Sibyl is pleased to present I’ve been here before…, a group exhibition curated by multidisciplinary artist and scholar Shabez Jamal (b. 1992, St. Louis,  MO). I’ve been here before is a group exhibition that explores the recursive nature of photography through the lenses of ten emerging Black artists in the United States. The exhibition examines the relationship between the Black community and the photograph and how, through interactions with the medium, Black people have been able to create and recognize language and symbols that are vital to the continued formation of an ever-changing Black artistic canon.

Though many of the artists engage with different media including video, installation, painting, ceramic, sound, and sculpture, all ground their practice in the photographic image. Each artist recognizes the inherent ability of the photograph to conjure simultaneous feelings of loss and restoration. The memorial nature of the photograph allows space for the artist to look back with a knowing eye, and to generate new futures from the images and ideas of the past.

Curator Shabez Jamal directly cites Teena Marie’s song “Deja Vu” for its descriptions of many cosmic returns to both physical and emotional spaces. The photograph has a unique capacity to transport its viewer backwards and forwards through time, as Shawn Michelle Smith notes in her book Photographic Returns. Its potent connection to memory and potential to freeze and capture time makes photography a crucial source for those concerned with engaging the past in service of a better future.

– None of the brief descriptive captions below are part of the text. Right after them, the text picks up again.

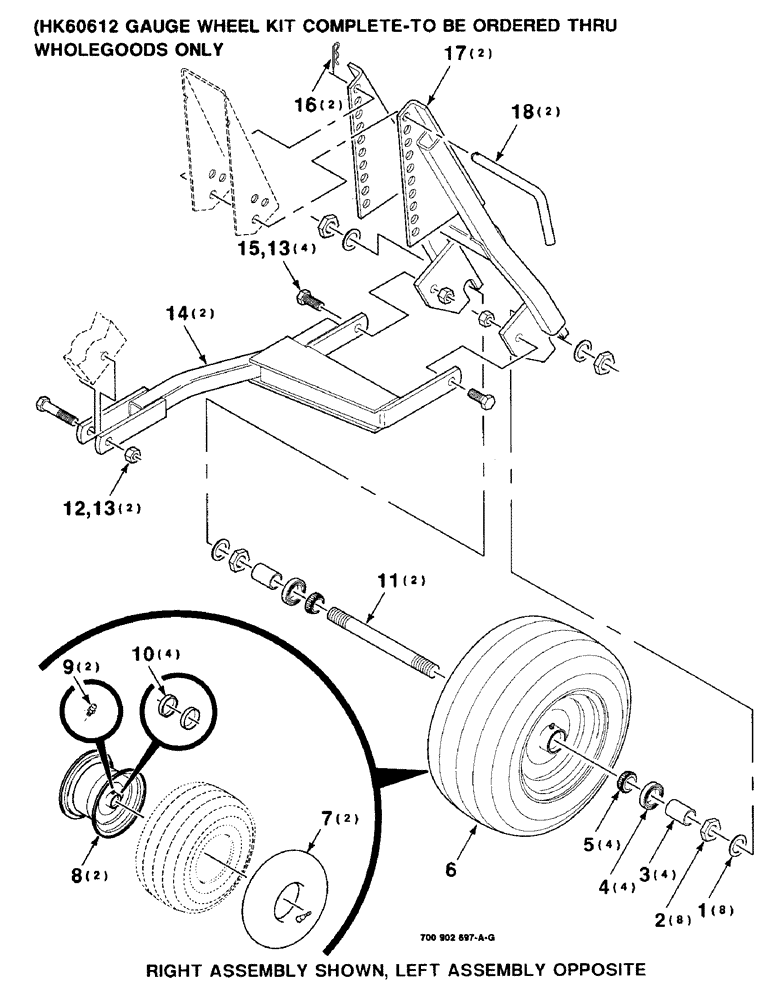 Схема запчастей Case IH 8820 - (9-04) - GAUGE WHEEL KIT, HK60612 GAUGE WHEEL KIT COMPLETE, TO BE ORDERED THRU WHOLEGOODS ONLY (09) - CHASSIS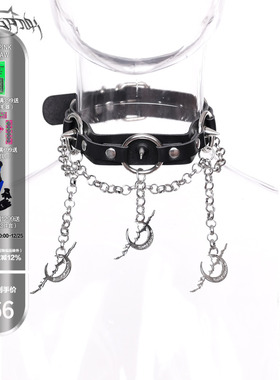 PINKSPINK原创电月吊坠摇滚项圈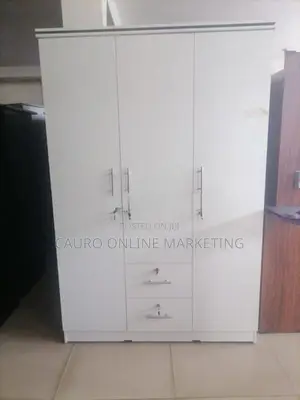 New Melamine White Colour 3door Cupboard Large Wardrobe
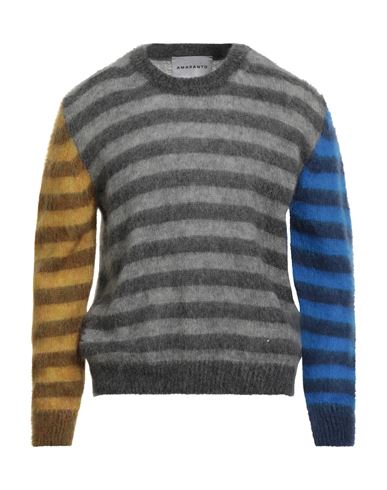 Amaranto Man Sweater Grey Size L Mohair Wool, Polyamide, Wool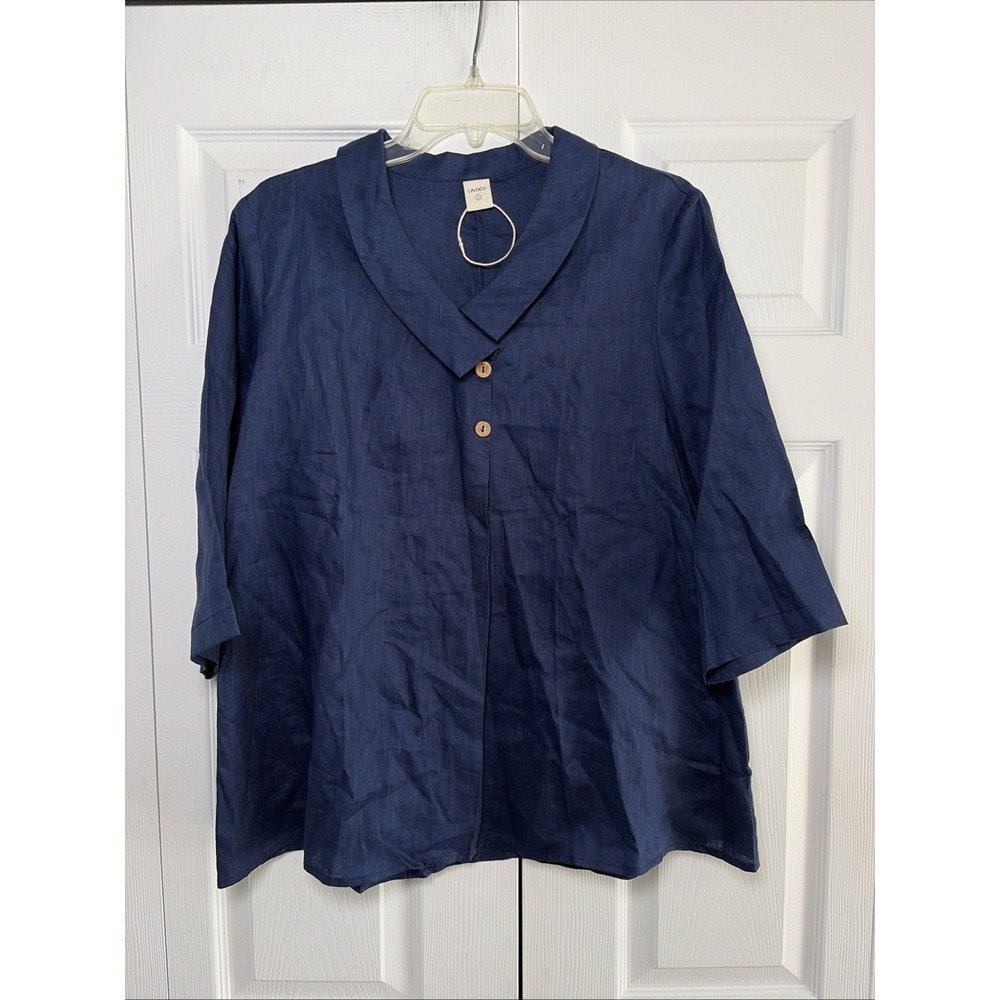 Lintico Linen Shawl Collar Blouse Womens Size L Navy Blue Casual Minimalist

I’ve been here before… features work by John AlleyneJustin CarneyMark Anthony Brown Jr.Sean G. ClarkJen EverettFelicita “Felli” MaynardAmbrose Rhapsody MurrayLola Ayisha OgbaraKristina Kay Robinson, and Darryl DeAngelo Terrell

About Shabez Jamal

Donny Bradfield (b. 1992, St. Louis) better known as Shabez Jamal, is an interdisciplinary artist based in New Orleans, LA. Their work, rooted in still portraiture, experimental video, and performance, interrogates physical, political, and social-economical space by using queerness, not as a means of speaking about sexuality, but as a catalyst to challenge varying power relations. Often turning the lens on themself, Jamal utilizes self-portraiture as a means of radically redefining the parameters of racial and sexual identity. Jamal received their BIS from the University of Missouri – St. Louis in 2019 and received their MFA from Tulane University in the spring of 2022 where they were also awarded a Mellon Community-Engaged Research Fellowship. In 2020 Jamal was also an inaugural member of Harvard Universities Commonwealth: In the city Fellowship.